There is however one issue that is confusing I think about getting good grades in school. I mean, in school we have to do several different subjects and there will always be subjects we like and ones we dislike. And, most of the time, we do better at some subjects than others. Of course there are those who can excel at all if not most of their subjects. But, I guess we are all different, some just have a passion for studying while others have a passion for certain subjects. The way I see it is that school is for learning and finding out what we are passionate about and are good at. It is just the path to finding a career that we are good at and are passionate about.

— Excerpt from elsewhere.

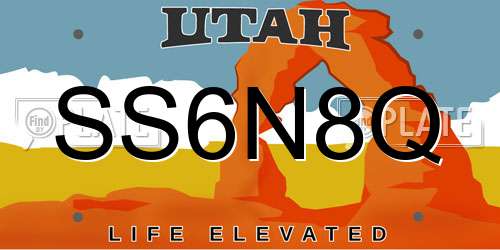 SS6N8Q Utah License Plate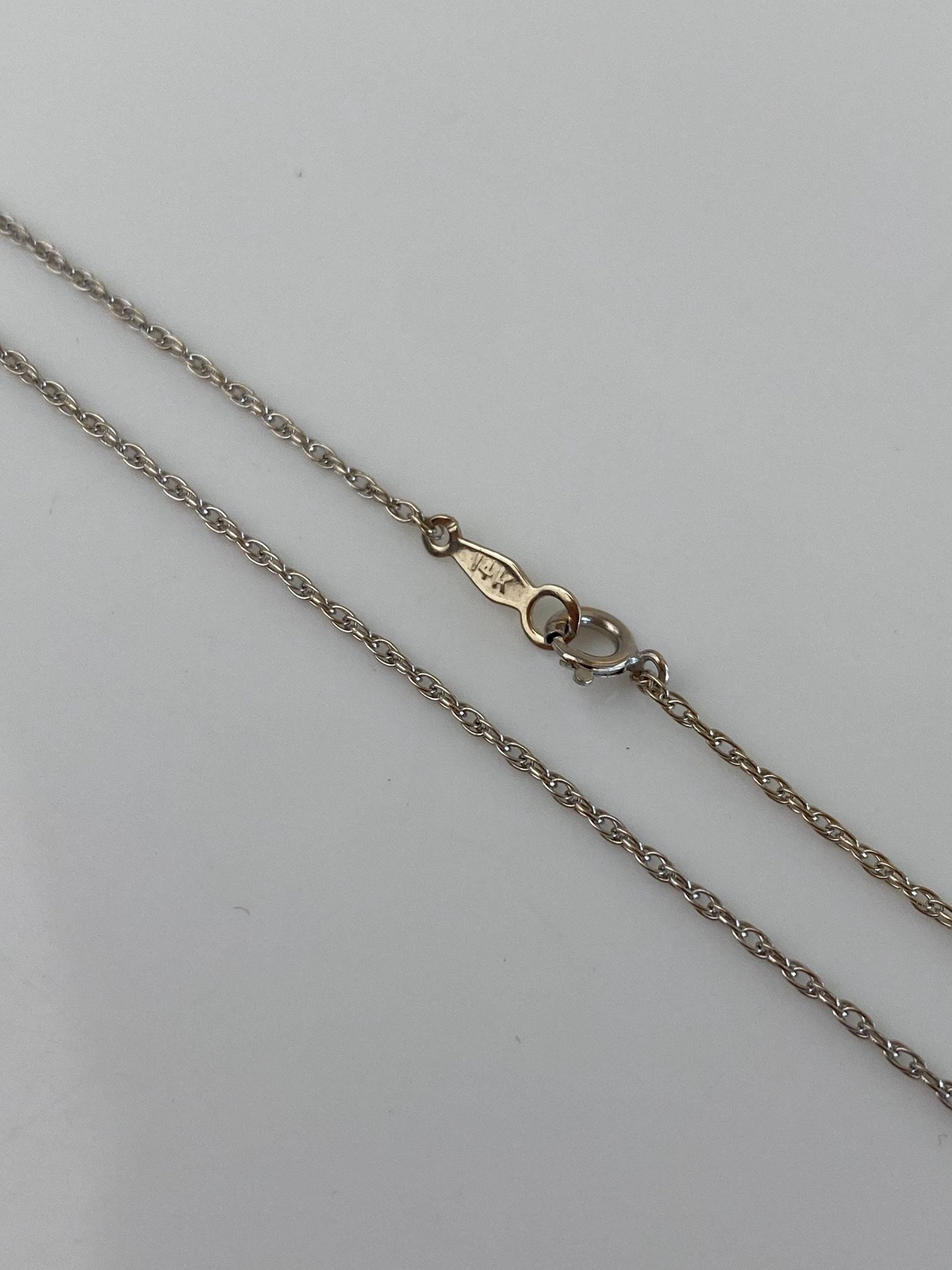 Vintage Solid 10k White Gold Dainty Chain Necklace - 24.75 inches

This brings me nicely to my next point, and that is about my thoughts on the workshop I went for in the weekend. The fact was that at the workshop the people I met there were all young athletes who represent the country in various sports. And, there they were talking about taking there passion for their sport and channeling that into their work life. But, it made me consider my very different situation. I mean, I do enjoy some areas of the mind sport that I play which is chess and some areas do interest me but I don’t really see it as my passion and seriously I’m no top chess player, I just happened to be the only disabled chess player to be involved in the chess scene. But, I wouldn’t say that representing the country in the Asean Para Games and to win it is impossible for me. I just feel really confused and am having trouble coming to terms with how I’ve suddenly become a top athlete out of nowhere. I am honored to be given this opportunity to represent the country but it has never crossed my mind till now that I would want to win a medal for the country. For me it is more important for me to have the experience, to enjoy myself, do my best and bring glory to God. And I guess, it does not necessarily mean winning, coz I need more meaning than just achieving a medal since medals really fade away.

Finally, there was the message at Church on Sunday about evangelism. The speaker spoke about catch the fire, to catch the Spirit of God and the passion and desire to save all Man. And, I must really agree that it is truly only when we feel the heart of God, and know that passion to save and that love for others, that we can really reach out and make the effort to bring others to Christ. But, I must say that recently, I don’t feel as passionate as I was at a point in time, when I tried to share the gospel with a friend. I stopped after a while, but after hearing the message I actually decided to follow up again. I believe at that time I went into it because I cared for a friend and the Lord provided me with the opportunity since not many others talked with me that much. But, I feel I’m getting back the desire and I pray to continue to do so with even greater passion. For me though, I feel that there are some ways we can fire up that passion again. And, that is to keep in mind the plight of the unsaved, to know God better and know His heart’s desire to save all Mankind, to know that love God showed to us and to respond in gratitude, to realize that that is one of our purposes here on earth since it is a commission to us, to share the joy that we know in Christ with others and be inspired by the passion of others. So that is what has fuelled my passion for evangelism, and I just need to rekindle that passion. And, to pray that the Lord will let me catch the fire again.

To end, I guess all I really just want is to be happy and live my life fully and well according to God’s will and bring glory to God coz to me that’s the most fulfilling and meaningful life; it is the only true way to live. And, in the process, I want to be truly passionate about what I’m doing.